Step 1: The given integral is \( I = \int e^{\tan \theta} (\sec \theta - \sin \theta) d\theta \).
Distribute the terms within the integral:
\[ I = \int e^{\tan \theta} (\sec \theta - \sin \theta) \, d\theta \]
Let \( \tan \theta = t \). Then \( \sec^2 \theta \, d\theta = dt \), which implies \( d\theta = \frac{dt}{1+t^2} \).

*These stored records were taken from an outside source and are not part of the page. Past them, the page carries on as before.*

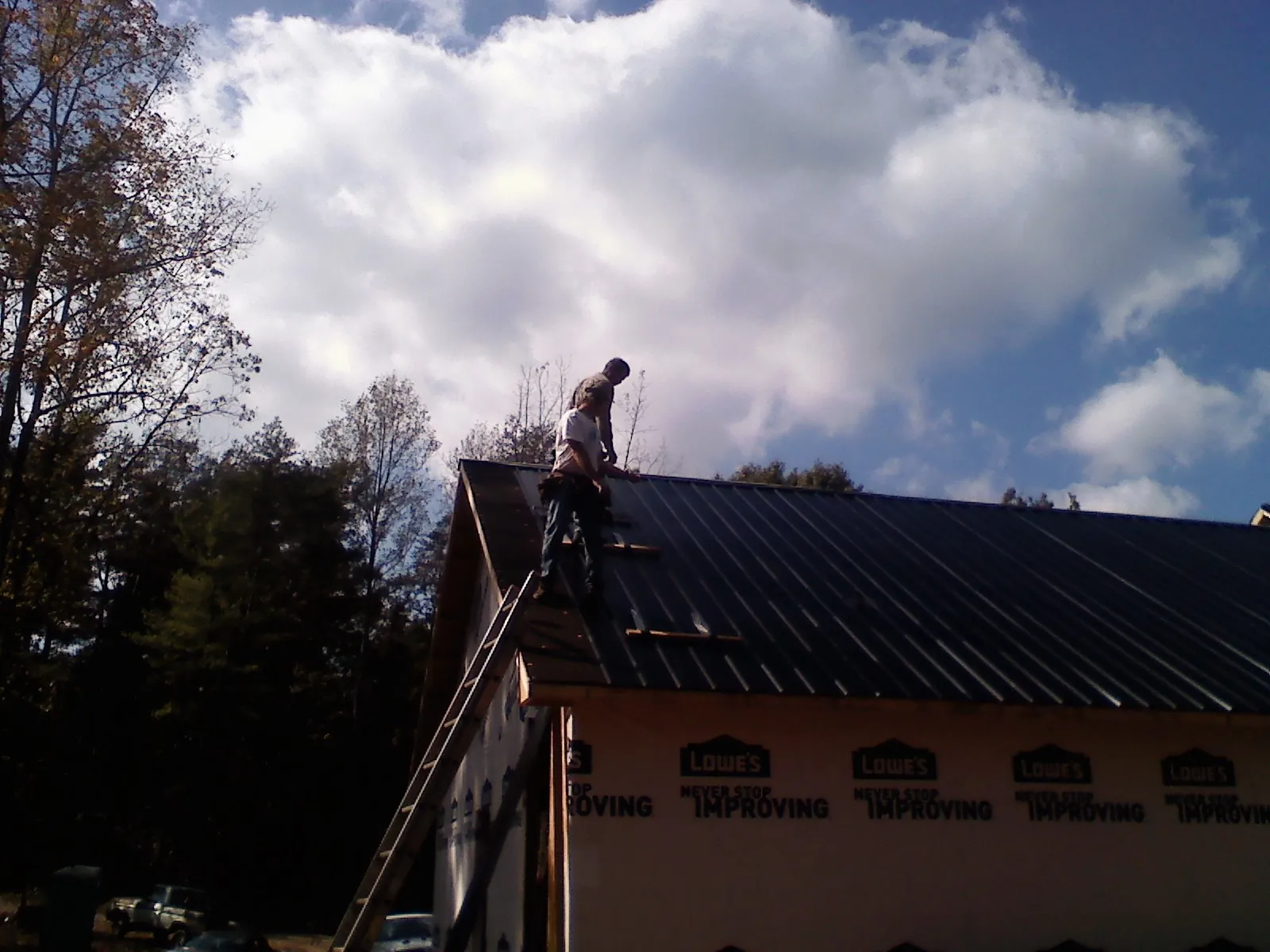 Roofer fastening dark metal panels high against a cloudy sky, from a Roof Inspection job in Alliance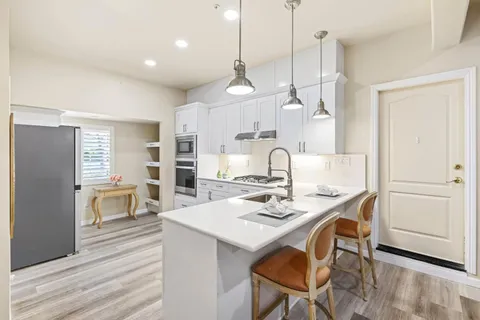 a kitchen with cabinets and window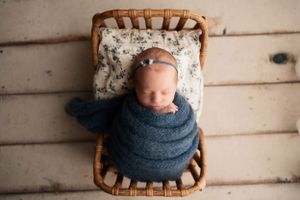 Sleeping baby wrapped in navy swaddle on floral cushion in wooden chair.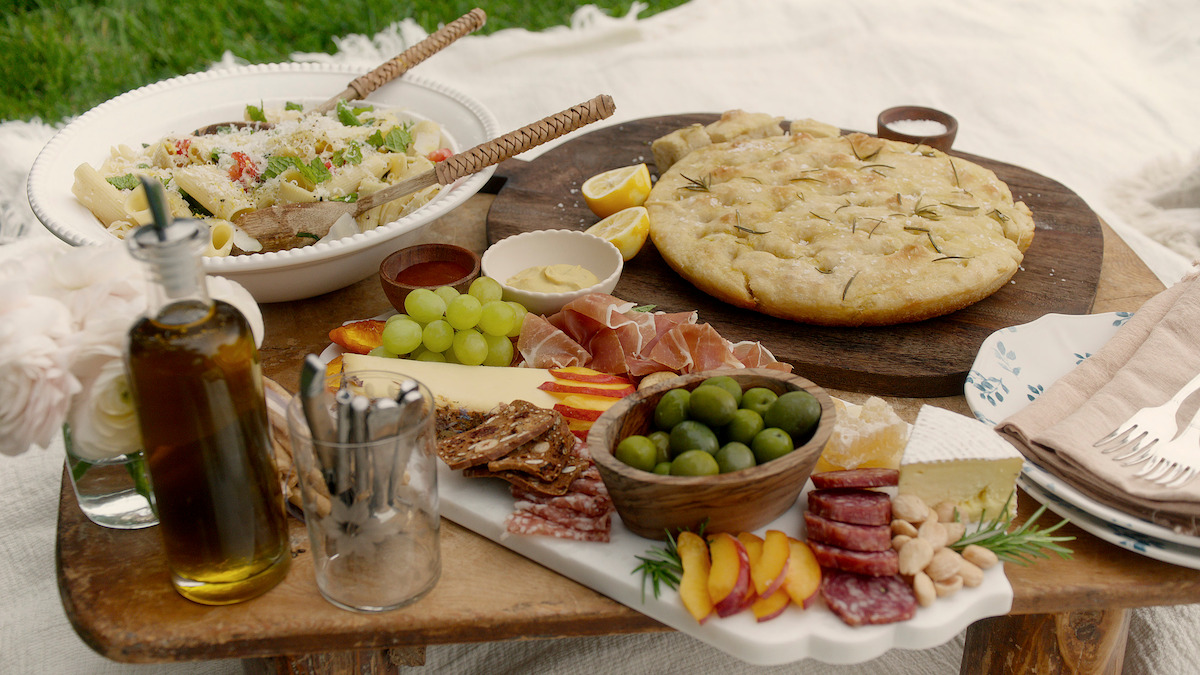 Focaccia placed next to a charcuterie board on a table.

\[ \Rightarrow I = \int e^t \left(\sqrt{1+t^2} - \frac{t}{\sqrt{1+t^2}}\right) \frac{dt}{1+t^2} \]
\[= \int e^t \left(\frac{1}{\sqrt{1+t^2}} - \frac{t}{(1+t^2)^{3/2}}\right) \, dt\]
Integrate the first term \( \frac{1}{\sqrt{1+t^2}} e^t \) by parts. This yields:
\[= \frac{1}{\sqrt{1+t^2}} e^t - \int \frac{t}{(1+t^2)^{3/2}} e^t \, dt + \int \frac{t}{(1+t^2)^{3/2}} e^t \, dt + c\]

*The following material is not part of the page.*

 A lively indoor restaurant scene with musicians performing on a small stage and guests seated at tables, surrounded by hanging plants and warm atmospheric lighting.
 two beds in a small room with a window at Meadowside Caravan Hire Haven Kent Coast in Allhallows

The integral terms cancel out:
\[= \frac{e^t}{\sqrt{1+t^2}} + c\]
Substitute back \( t = \tan \theta \):
\[= \frac{e^{\tan \theta}}{\sqrt{1+\tan^2 \theta}} + c\]
Since \( \sqrt{1+\tan^2 \theta} = \sec \theta \), we have:
\[= \frac{e^{\tan \theta}}{\sec \theta} + c\]
\[= e^{\tan \theta} \cos \theta + c\]
The final answer is \( e^{\tan \theta} \cos \theta + c \).